Task details ▸ Would you print every entry exactly as it appears?

Data for this task START

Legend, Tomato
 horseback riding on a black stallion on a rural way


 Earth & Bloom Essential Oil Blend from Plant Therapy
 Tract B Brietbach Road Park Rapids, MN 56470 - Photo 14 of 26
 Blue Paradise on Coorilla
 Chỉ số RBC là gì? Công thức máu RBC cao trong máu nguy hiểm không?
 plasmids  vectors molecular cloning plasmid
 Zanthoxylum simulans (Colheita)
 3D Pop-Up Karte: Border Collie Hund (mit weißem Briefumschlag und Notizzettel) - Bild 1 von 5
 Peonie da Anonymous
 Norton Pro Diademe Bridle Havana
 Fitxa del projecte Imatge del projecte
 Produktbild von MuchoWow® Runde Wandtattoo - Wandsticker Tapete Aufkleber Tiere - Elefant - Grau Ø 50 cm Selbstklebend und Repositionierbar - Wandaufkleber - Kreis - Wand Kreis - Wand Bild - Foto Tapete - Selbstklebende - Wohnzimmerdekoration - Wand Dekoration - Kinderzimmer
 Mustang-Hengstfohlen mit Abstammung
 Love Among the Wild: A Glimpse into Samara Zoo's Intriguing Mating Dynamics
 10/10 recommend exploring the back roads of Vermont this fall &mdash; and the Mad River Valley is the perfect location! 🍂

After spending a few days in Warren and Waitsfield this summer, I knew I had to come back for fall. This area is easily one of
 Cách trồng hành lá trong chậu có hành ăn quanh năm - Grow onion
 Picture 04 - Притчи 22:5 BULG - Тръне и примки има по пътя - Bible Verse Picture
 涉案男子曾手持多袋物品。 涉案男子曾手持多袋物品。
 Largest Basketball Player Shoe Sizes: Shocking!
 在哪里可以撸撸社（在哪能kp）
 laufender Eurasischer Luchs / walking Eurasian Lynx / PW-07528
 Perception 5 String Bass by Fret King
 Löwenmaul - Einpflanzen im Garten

Data for this task END

Written response ▸
Legend, Tomato
 horseback riding on a black stallion on a rural way


 Earth & Bloom Essential Oil Blend from Plant Therapy
 Tract B Brietbach Road Park Rapids, MN 56470 - Photo 14 of 26
 Blue Paradise on Coorilla
 Chỉ số RBC là gì? Công thức máu RBC cao trong máu nguy hiểm không?
 plasmids  vectors molecular cloning plasmid
 Zanthoxylum simulans (Colheita)
 3D Pop-Up Karte: Border Collie Hund (mit weißem Briefumschlag und Notizzettel) - Bild 1 von 5
 Peonie da Anonymous
 Norton Pro Diademe Bridle Havana
 Fitxa del projecte Imatge del projecte
 Produktbild von MuchoWow® Runde Wandtattoo - Wandsticker Tapete Aufkleber Tiere - Elefant - Grau Ø 50 cm Selbstklebend und Repositionierbar - Wandaufkleber - Kreis - Wand Kreis - Wand Bild - Foto Tapete - Selbstklebende - Wohnzimmerdekoration - Wand Dekoration - Kinderzimmer
 Mustang-Hengstfohlen mit Abstammung
 Love Among the Wild: A Glimpse into Samara Zoo's Intriguing Mating Dynamics
 10/10 recommend exploring the back roads of Vermont this fall &mdash; and the Mad River Valley is the perfect location! 🍂

After spending a few days in Warren and Waitsfield this summer, I knew I had to come back for fall. This area is easily one of
 Cách trồng hành lá trong chậu có hành ăn quanh năm - Grow onion
 Picture 04 - Притчи 22:5 BULG - Тръне и примки има по пътя - Bible Verse Picture
 涉案男子曾手持多袋物品。 涉案男子曾手持多袋物品。
 Largest Basketball Player Shoe Sizes: Shocking!
 在哪里可以撸撸社（在哪能kp）
 laufender Eurasischer Luchs / walking Eurasian Lynx / PW-07528
 Perception 5 String Bass by Fret King
 Löwenmaul - Einpflanzen im Garten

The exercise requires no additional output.